We started the morning with overtired kids. They were excited about seeing Wogene but still adjusting to the time change. We had breakfast at the hotel (decent buffet–the best thing about the breakfast is a double macchiato and the mango/pineapple juice–outstanding on both counts!) and then were at the orphanage by 9:00. Jones was all smiles again and it was nice to be coming this second time, already a miniscule amount of familiarity between all of us.
Thankfully we started the day outdoors. It was a beautiful morning and the kids went straight for the bubbles to share with him. He loved them! He was very methodical and deliberate about blowing his bubbles. He would follow the kid’s lead and try to catch them on his wand and was completely content for quite awhile.

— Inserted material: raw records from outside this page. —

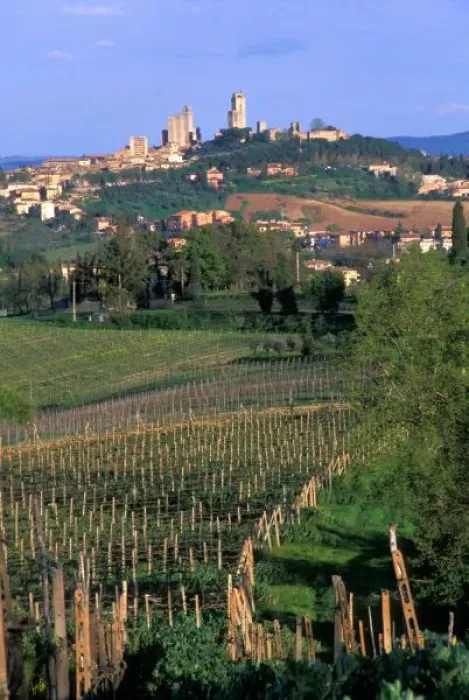 Framed Print : The village of San Gimignano sits in the rolling hills of Tuscany, Italy Framed Print : The village of San Gimignano sits in the rolling hills of Tuscany, Italy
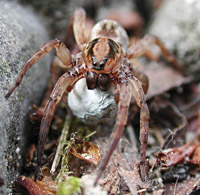 foto van de nachtwolfspin, Wolfspin / Trochosa ruricola of Trochosa terricola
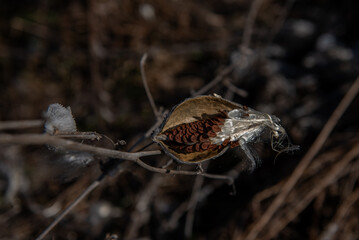 milkweed, butterfly flower, silkweed, silky swallow-wort. Seeds emerging from a follicle. Pappus of...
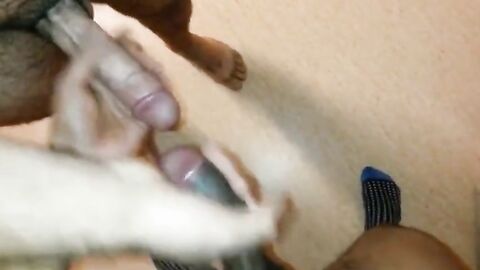 Hairy Indian Bear's First Time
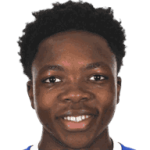 player-logo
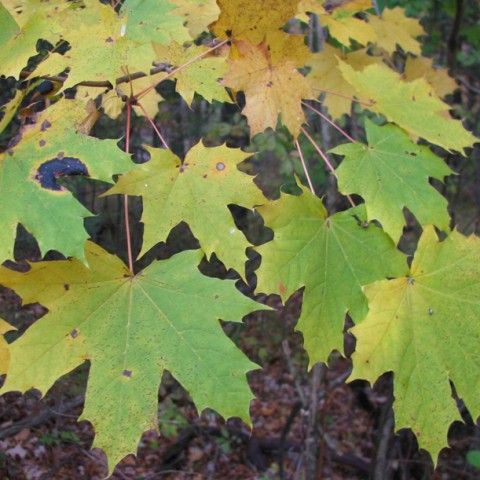 Norway Maple Invasive Tree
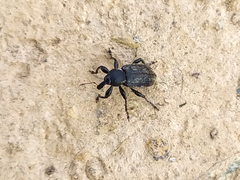Hyperinae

As they were playing, I asked Solomon, the WACAP social worker from Addis, about his uncle and when we would meet with him that day. He told us he was already on the grounds and L realized he had been sitting nearby, watching the children play the entire time. He was sitting by the door, which is where one of the staff usually sits to guard the entrance, and L had just assumed that’s who he was. They brought him over to us and we were taken to an office nearby while the kids played outside. Teshome, the Awassa WACAP social worker, was our translator (his uncle speaks Sidama), and we had about a 20-minute visit with him. I won’t go into the details here about all of our conversation with him because I feel it should be kept private, but I will say that L and I both left with a deep appreciation for Jones’ family and who they are. Jones is loved tremendously by his remaining family and it was an extremely difficult decision to make an adoption plan for him. His uncle lit up when we told him we wanted to actively remain in contact with the family and he enthusiastically asked us to come and visit his village with Jones one day. There is no doubt that we will. No doubt at all. His uncle was so thankful that Jones had finally been matched with a family and would be given so many opportunities with us and of course, know the direct love of a family again. I was expecting it to be an awkward experience and it ended up feeling very natural sitting in the room with a complete stranger, about to take his nephew into my care for the rest of his life. Like I had our translator tell him, he (the uncle) is now our family too. We shared a tearful hug and embrace and had some photos made with him that we’ll send to him soon. I am honored to have met him and look forward to the day when we return to his village.
Buddy and Lou eventually started getting tired of the bubbles and wanted to show him something else, so Larry pumped up the soccer ball we brought and it was an instant hit for the rest of the day. He has a very strong kick for his age and isn’t afraid of the ball in the least! We said that if things are going well this fall with his transition, we’ll think about enrolling him in an AYSO team with L as his coach. I have a feeling that feeling included in extracurricular activities will be a good thing for him, as long as it’s kept to a minimum and is in an environment where he’s still with us constantly. We’ll see.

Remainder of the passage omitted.